Segundo Thompson, “Recordar a própria
vida é fundamental para o nosso sentimento de identidade”.
Será nesse processo de
estudo do regional e da identidade social do aluno que iremos trabalhar com
metodologias da Didática da História capazes de fundamentar e auxiliar as aulas
de história na formação de sua Consciência Histórica, fazendo com que perceba e
signifique o processo histórico e seus elementos fundamentais: o tempo, o
espaço, as mudanças, as permanências e as fontes. Aprendendo os conceitos,
contextos e dinâmicas da história.

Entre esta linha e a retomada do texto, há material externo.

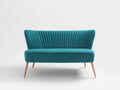 Dvivietė sofa HARRY - turkis zefyras(ol18), natūralus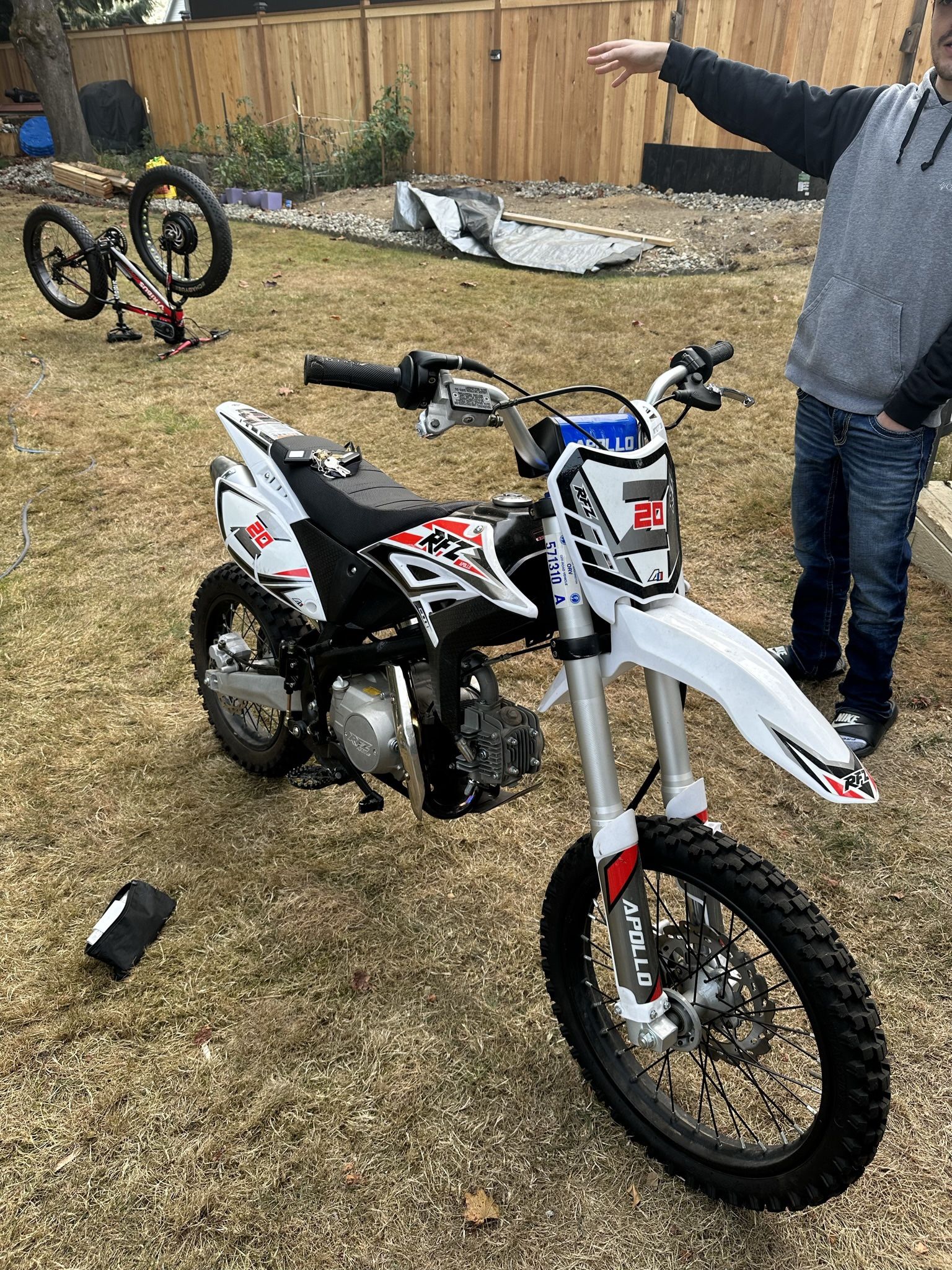 2020 125cc Dirt Bike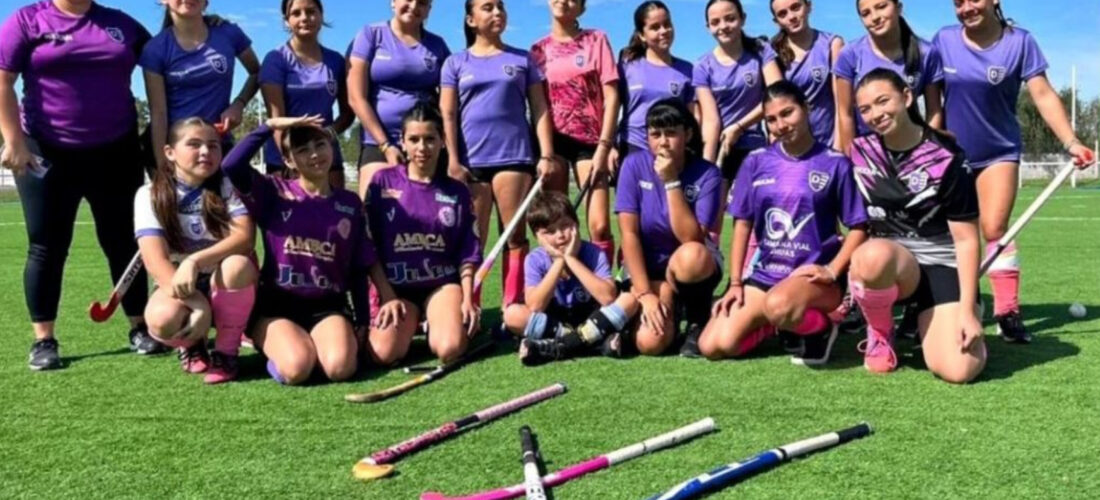 EL HOCKEY VIOLETA PARTICIPARÁ DE LOS BONAERENSES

Assim, tornando o aluno um agente social consciente,
observador, científico e problematizador da história, principalmente da
realidade na qual está inserido, que faz parte do seu contexto, da sua vida e
da sua formação.
Apresentamos aqui um
trabalho desafiador aos professores, os quais terão a responsabilidade de
organizaros conteúdos e suas metodologias, tornando seu ensino socialmente
significativo, capaz de superar a homogeneização da sociedade globalizada.
4. Consciência
Histórica: Formação e Aperfeiçoamento
Estamos vivendo em meio a um
grande movimento social em torno do conhecimento histórico, que envolve
conteúdos digitais, mídias, cinema, financiamento de pesquisas, editoras de
livros, formação de professores, entre outros. Diante dessa realidade
assistemática e mundial, os profissionais que atuam na produção e divulgação do
conhecimento históricose deparam com um desafio, de investigar e conceituar o
processo de formação e aperfeiçoamento do conhecimento histórico, especialmente
através de pesquisas acadêmicas e do ensino escolar. Nesse sentido, devemos
encarar a Consciência Histórica como uma problemática atual da história. Como
se concretiza a formação da Consciência Histórica? Há uma Consciência Histórica
primitiva e outra crítica? É possível dividir essa Consciência em fases? Ela é
inerente ao homem ou uma meta a ser alcançada? Qual o sentido, enfim, do não
desprezível investimento social que existe hoje em torno da história [...]. Muitos
são os questionamentos acerca do conceito apresentado e as divergências entre
os cientistas da história e da filosofia. Por isso iremos seguir a corrente da
ciência Didática da História, que se caracteriza por ser uma ciência dentro da
ciência histórica, e fazer uma breve apresentação das proposições e teorias de
cientistas como Hans-Georg Gadamer, John Rüsen, Agnes Heller, Marc Ferro, entre
outros, baseando-nos na pesquisa de Luis Fernando Cerri.
Considera-se que seja
imprescindível a esse trabalho a compreensão de que a Consciência Histórica
ultrapassa os muros da sala de aula.Esta consciência é um fenômeno social que
tem a escola por instituição que trabalha o aprimoramento dessa capacidade, que
é natural ao homem social. Esse fenômeno é entendido como uma das expressões da existência humana. O historiador Luis
Fernando Cerri (2015. p.96), nos apresenta um questionamento pertinente, um primeiro aspecto da discussão a
considerar é se a Consciência Histórica é um fenômeno inerente à existência
humana ou se é uma característica específica de uma parcela da humanidade, uma
meta ou estado a ser alcançado. E é neste ponto que se depara com as
divergências dos pesquisadores. Na visão do filósofo Gadamer, a Consciência
Histórica é uma meta ou um estágio a ser alcançado, mas isso só será possível
ao homem contemporâneo ou moderno, que tenha passado pelo processo histórico da
modernização.
Contudo, essa visão de
Gadamer (2006) pode ser considerada excludente; pois ela exclui a Consciência
Histórica dos homens do passado, que não vivenciaram o processo de
modernização, ou dos homens da atualidade, que vivem à margem da sociedade e
são resistentes à modernização. Para ele os períodos da história, a localização
geográfica e as classes sociais são determinantes na formação da Consciência
Histórica. Como afirma Gadamer:
O aparecimento de uma
tomada de consciência histórica constitui provavelmente a mais importante
revolução pela qual passamos desde o início da época moderna. (...) A
consciência histórica que caracteriza o homem contemporâneo é um privilégio,
talvez mesmo um fardo que jamais se impôs a nenhuma geração anterior. (...)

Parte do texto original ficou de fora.